Ich finde, es gibt eine Menge Bands hierzulande, die es lohnt, sich anzuhören. Aber auch hier sei nochmal ausdrücklich gesagt: Ich würde das a) nicht an der Sprache aufhängen und b) findet man die meisten guten Bands eben nicht im Radio, sondern in den JUZes und Clubs in der Nachbarschaft. Subkulturell läuft glücklicherweise immer noch eine ganze Menge.
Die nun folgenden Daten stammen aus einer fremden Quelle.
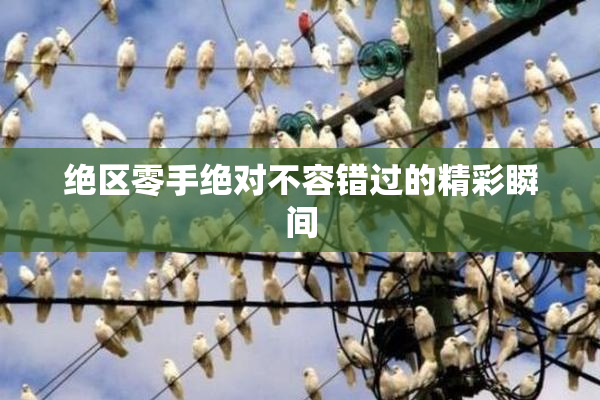 绝区零手绝对不容错过的精彩瞬间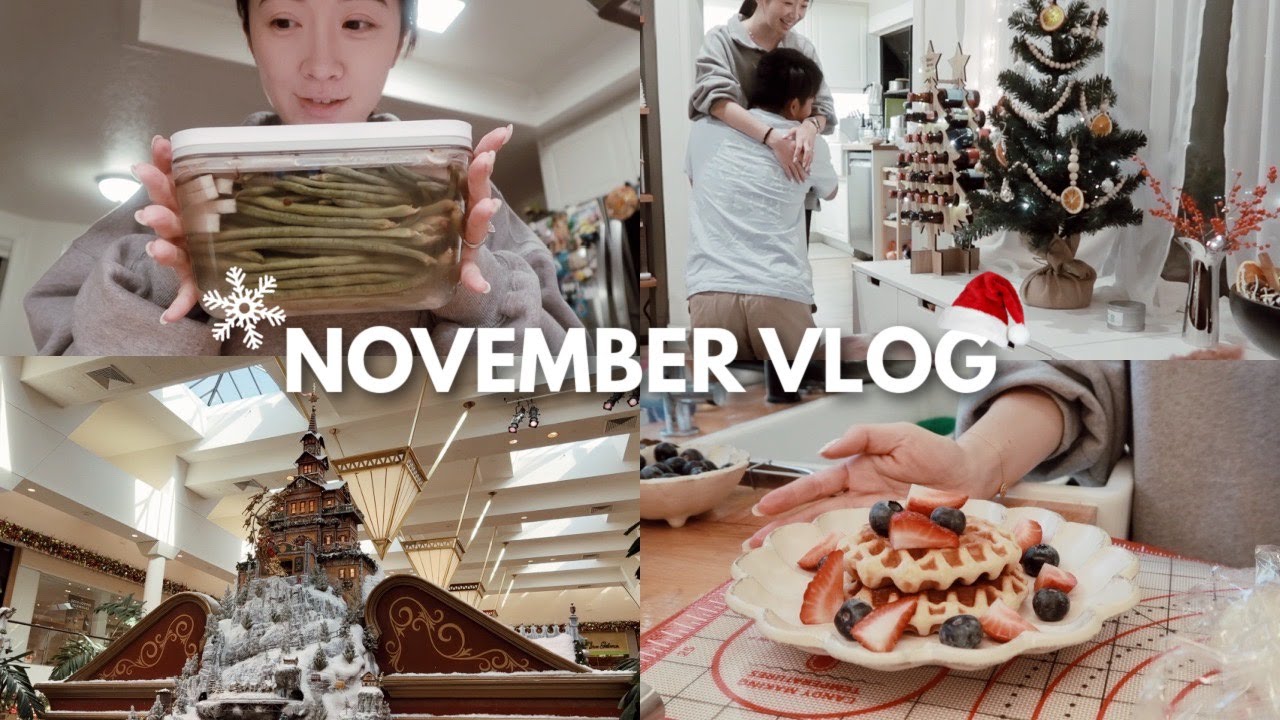 🎄NOVEMBER VLOG ｜泡豇豆开坛｜比利时华夫饼｜涤纶的第一个圣诞礼物惊喜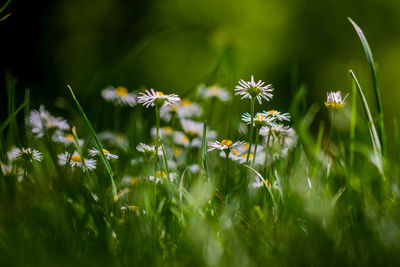 Close-up of white flowering plants on field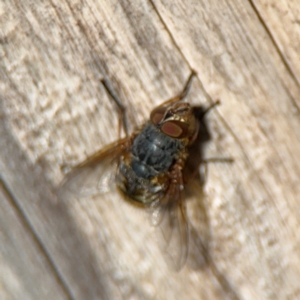 Calliphora sp. (genus) at Ainslie, ACT - 24 Aug 2024 03:12 PM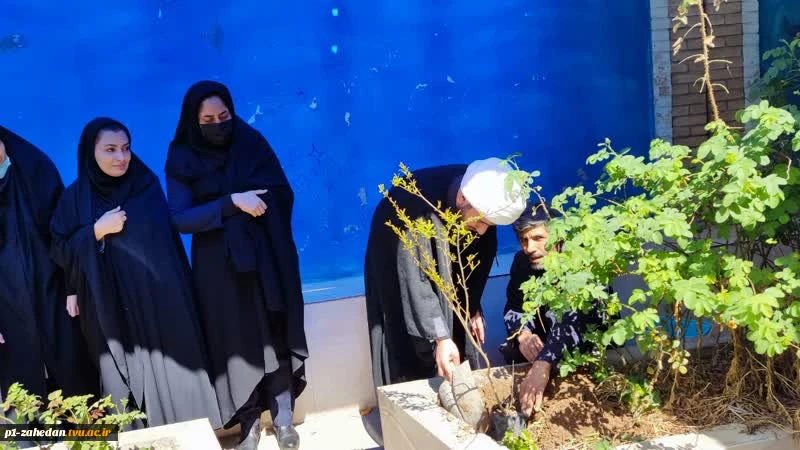 آیین هفته درختکاری در دانشگاه فنی وحرفه‌ای واحد استان سیستان وبلوچستان برگزار شد. 3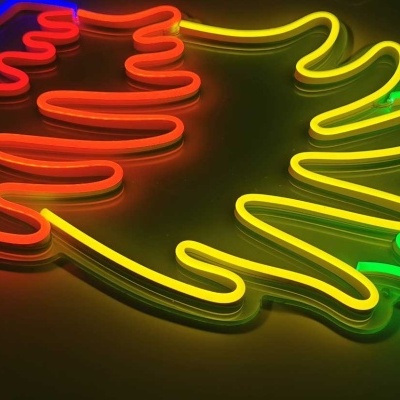 NeonLED | Asas de Anjo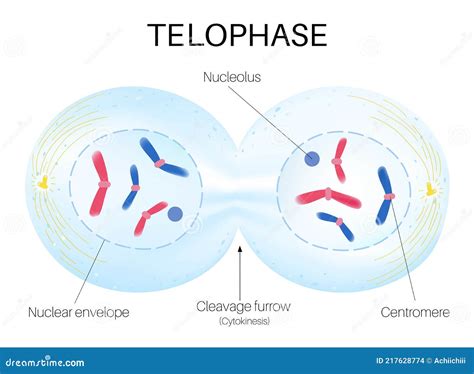 Meiosis In Telophase Stage. The Process Of Cell Division And Production ...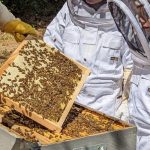 © Baptême d'Apiculture - La Ferme des Abeilles - Elodie Leullier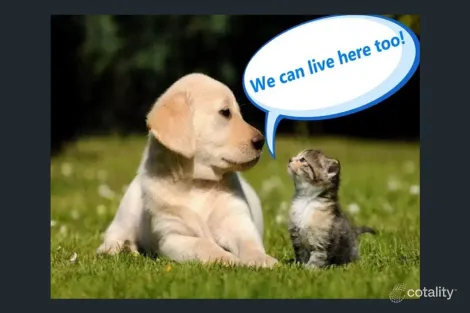 Property photo of 27 Godfrey Road Artarmon NSW 2064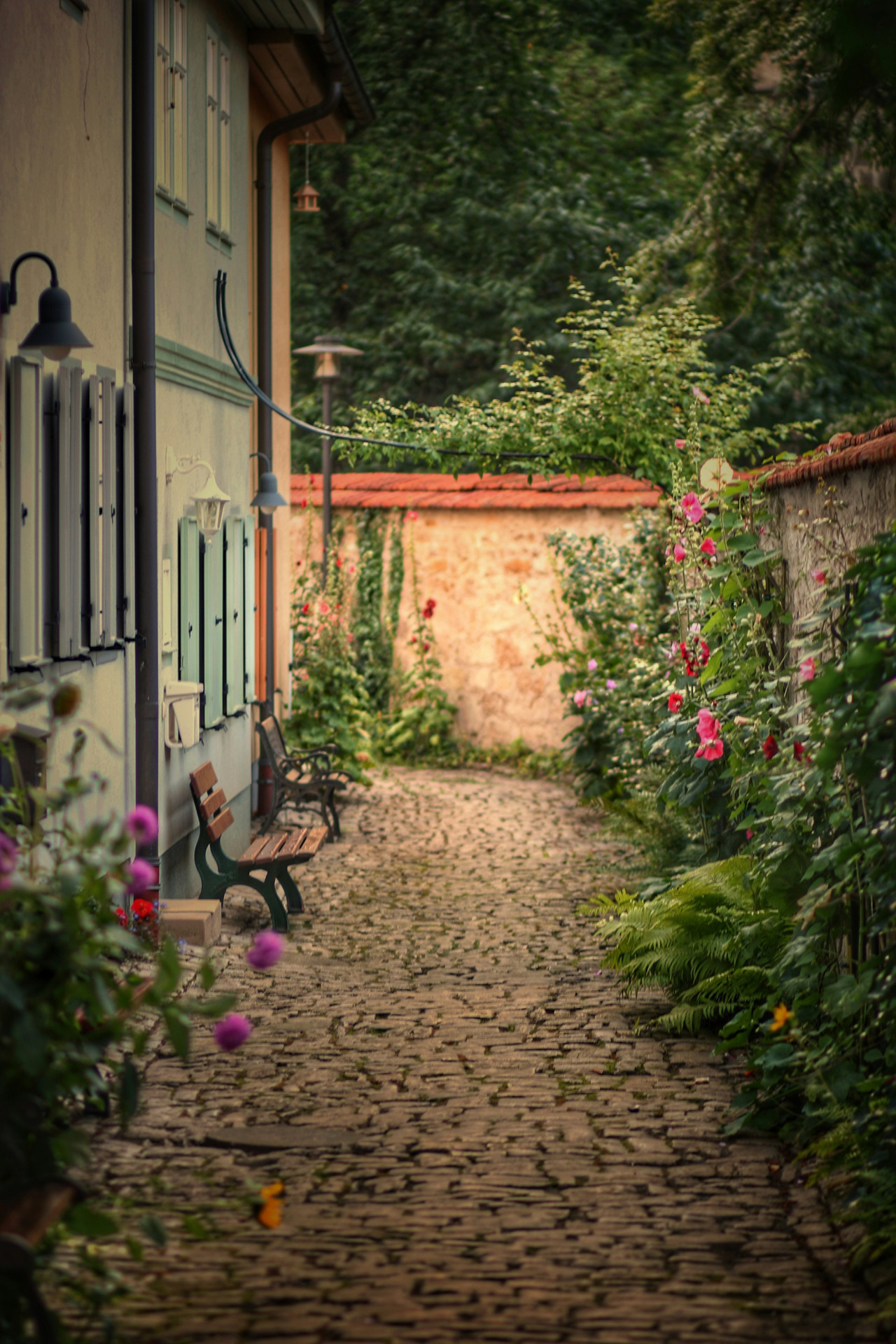 Plantas, jardín, flores, casa. Foto Unsplash.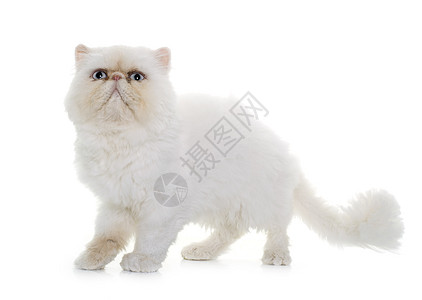 白百塞天猫动物成人蓝色白色工作室眼睛宠物小猫图片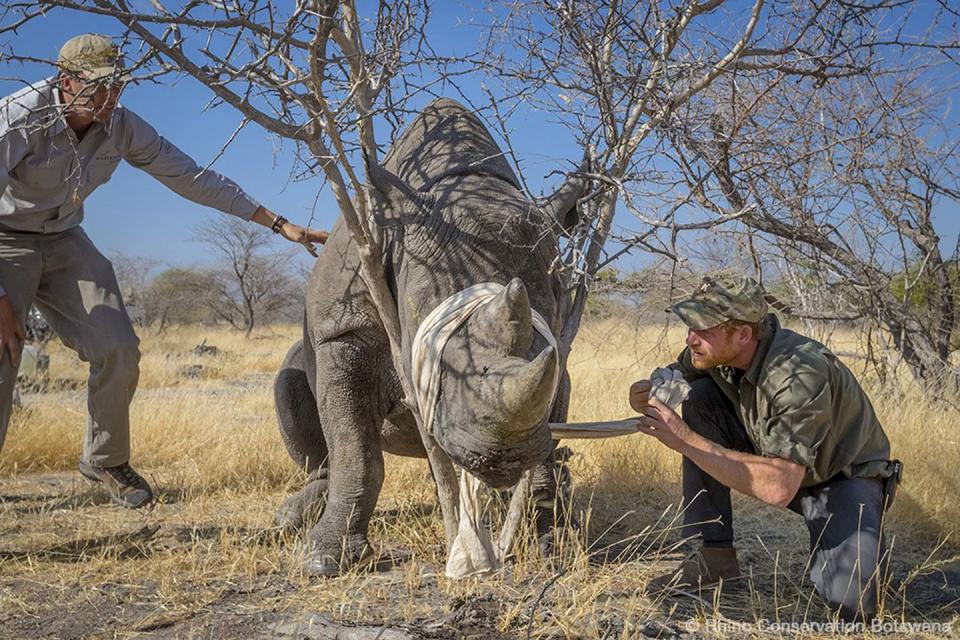 Photo credit: Rhino Conservation Botswana/Kensington Palace copyright: Getty Images - Getty Images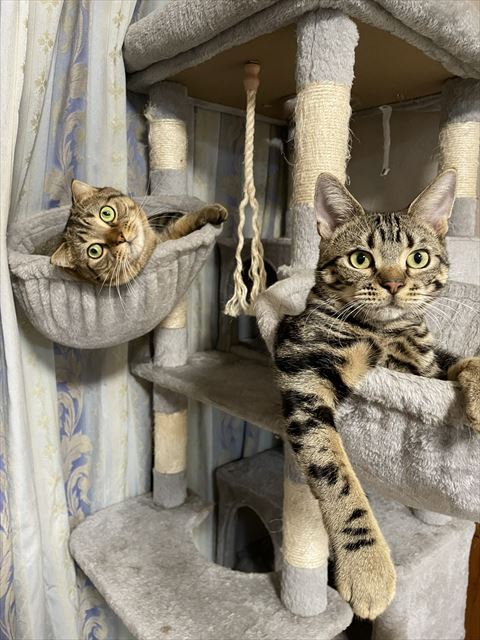 キャットタワー2匹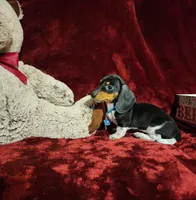 DAKOTA, a male Miniature Dachshund for sale in Polk City, FL – 2 of 10
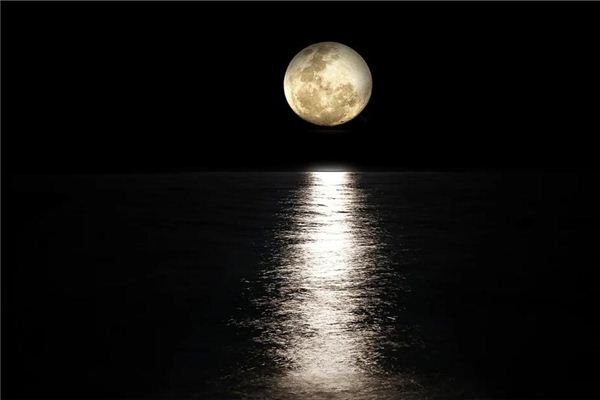 I dreamed that the moon rose from the sea. I dreamed that the moon rose from the sea.
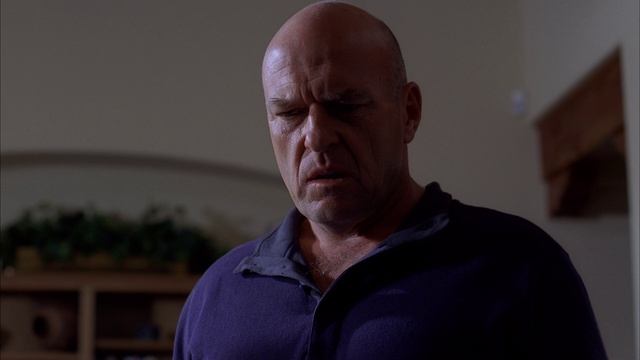 Breaking Bad Season 5 Episode 11 (series, 2013)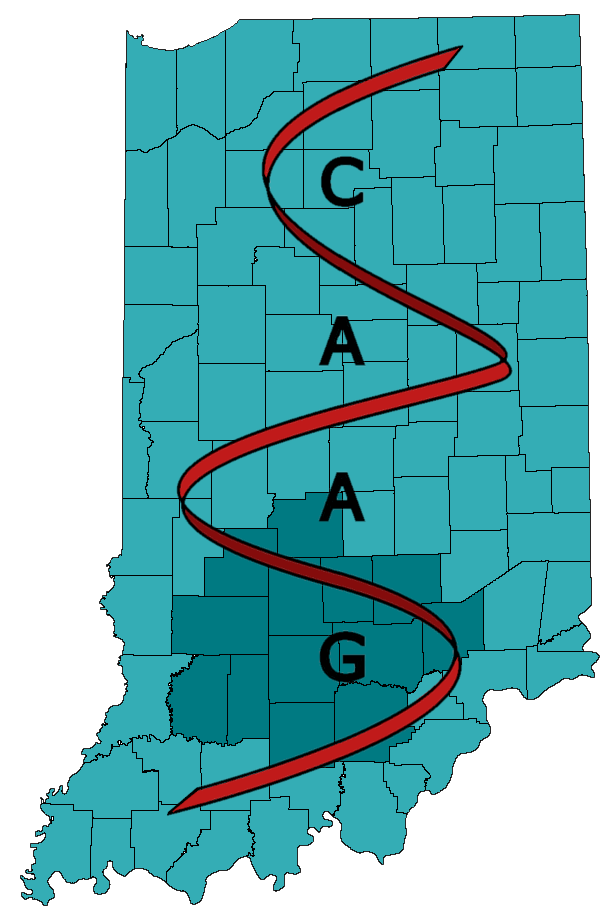 Community Aids Action Group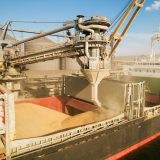 Cerealele, exporturi cu profit subțire: Câți bani au primit fermierii în România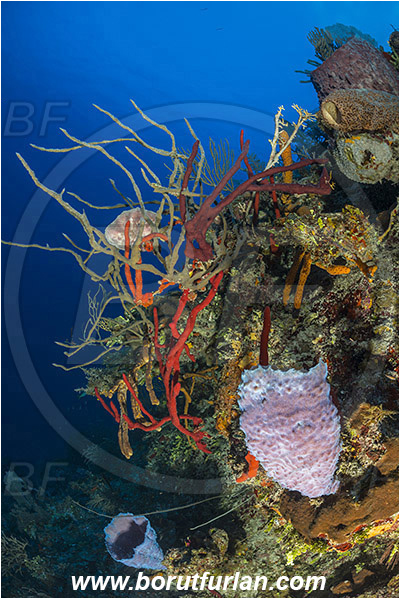 Jardines de la Reina, Cuba, Caribbean sea, Atlantic ocean, Callyspongia (Cladochalina) plicifera, Callyspongia, Callyspongiidae, Azure vase sponge, Sponge, Porifera, Reef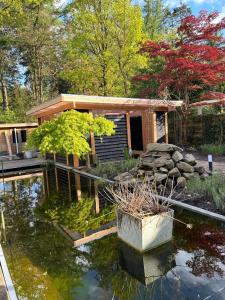 ein kleines Haus mit einem Teich davor in der Unterkunft Artz of Nature in Emmen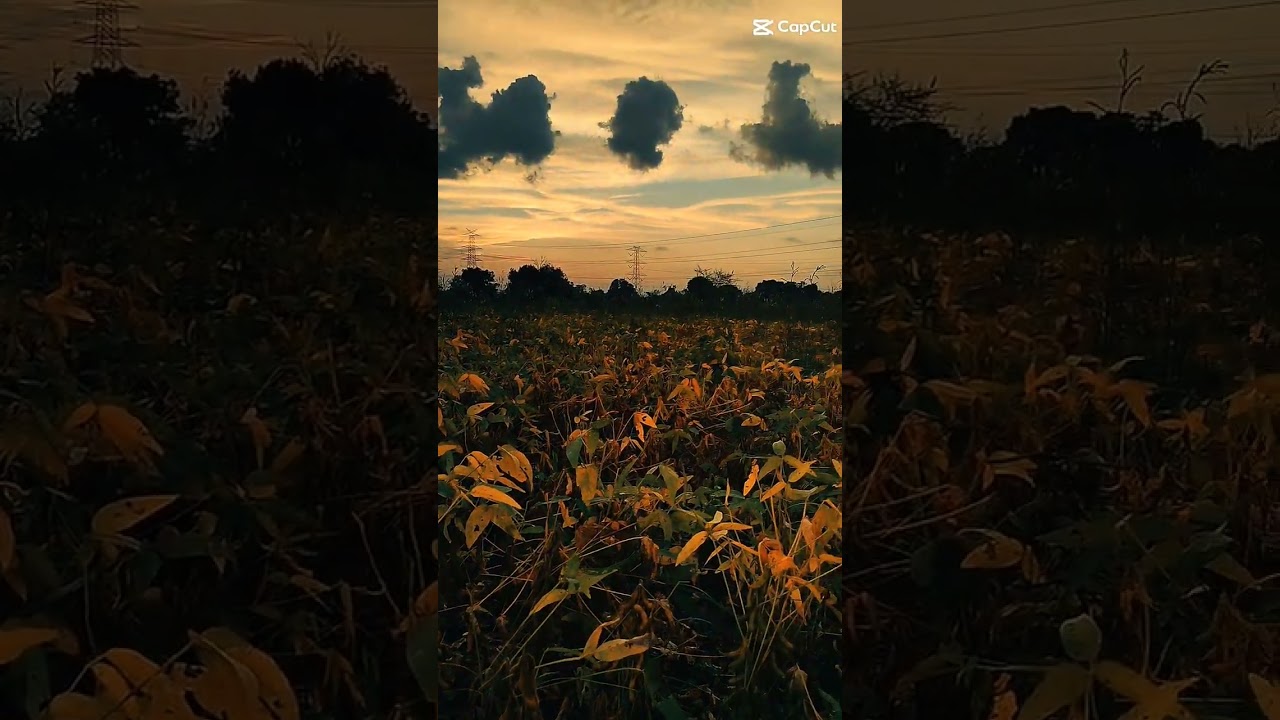 🚜 “From soil to soul, farming is our pride.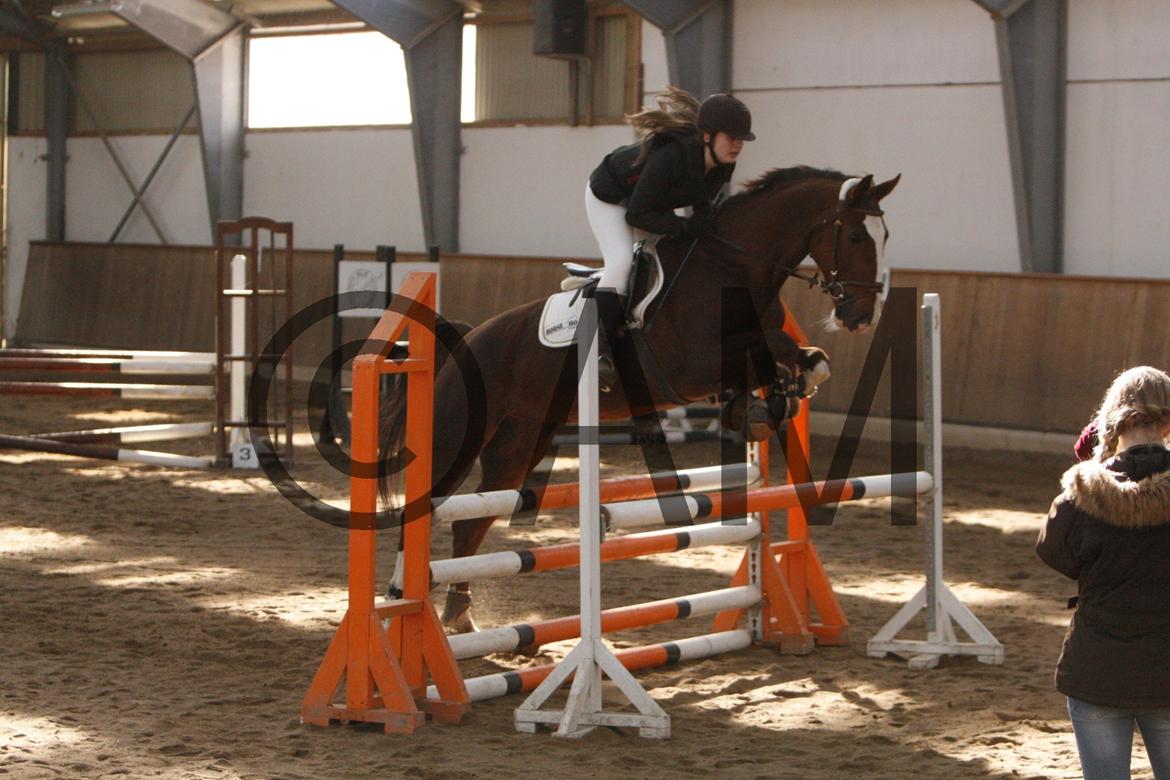 17/03 - 13 | Glostrup rideklub, spring billede 59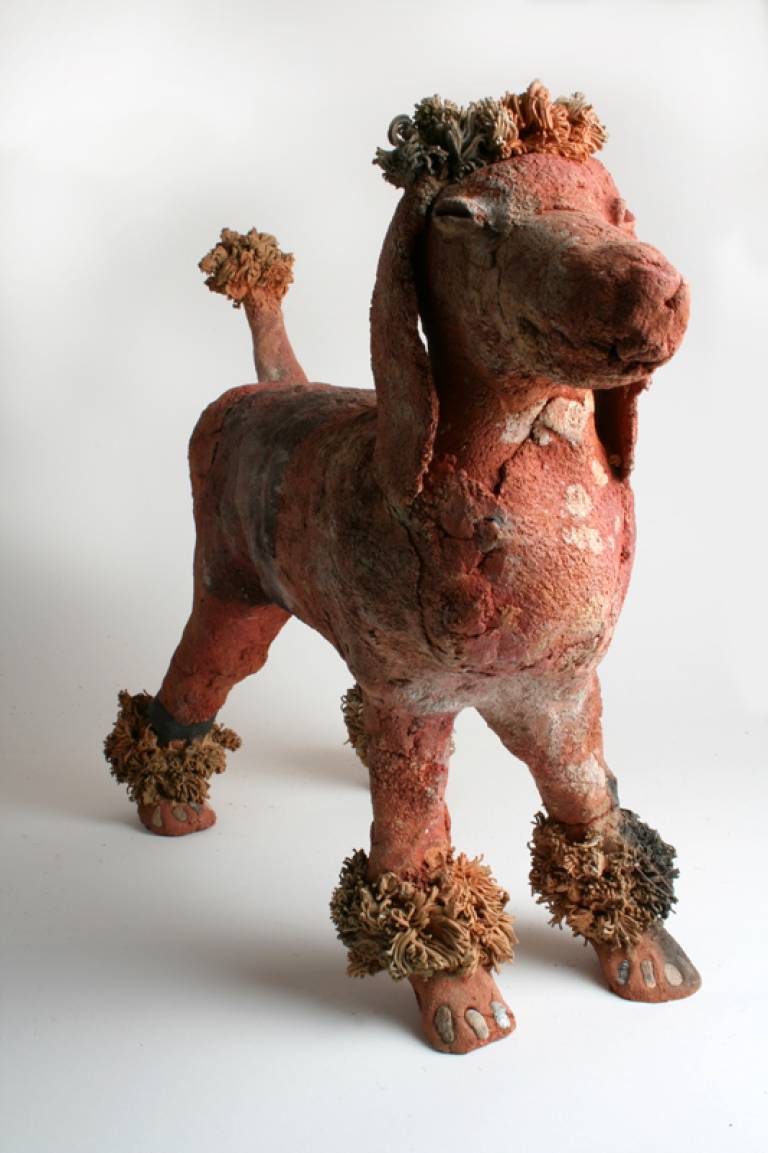 Poodle - Morag MacInnes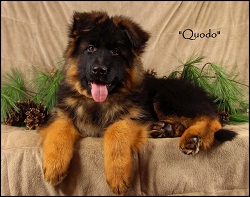 Image for Mittelwest German Shepherds with ID of: 1891379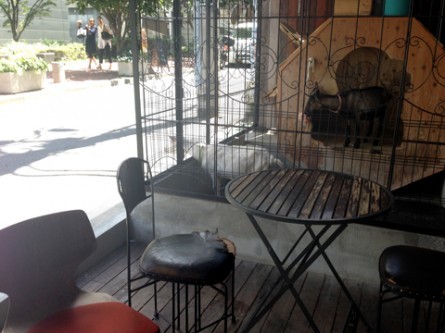 TNƃVR̂̓JtFeXɂ܂yuJtFz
Und genau da findet man die tollsten und spannendsten Bands, weil die eben nicht durchformatiert sind.
 
Abschließend: Was darf man in Ibbenbüren nicht verpassen, wenn man da mal zufällig vorbei fährt?
 
Das JZ Scheune ist ein tolles Jugendkulturzentrum – und der Geburtsort u.a. von unserer Band! Eine wichtige und unterstützenswerte kulturelle Einrichtung! Ansonsten sollte man sämtliche Salatsandwiches der Stadt mal probiert haben. Der Geist von Aladdin, Ibbenbürens bestem oldschool-türkischen Imbiss, ist immer noch zwischen den Tomaten und Gurken zu finden!
 
Vielen Dank für das Gespräch.
 
Merci und bis bald beim Rocco Del Schlacko – oder bei unserer Clubshow in der formidablen Garage in Saarbrücken am 28. Oktober 2015!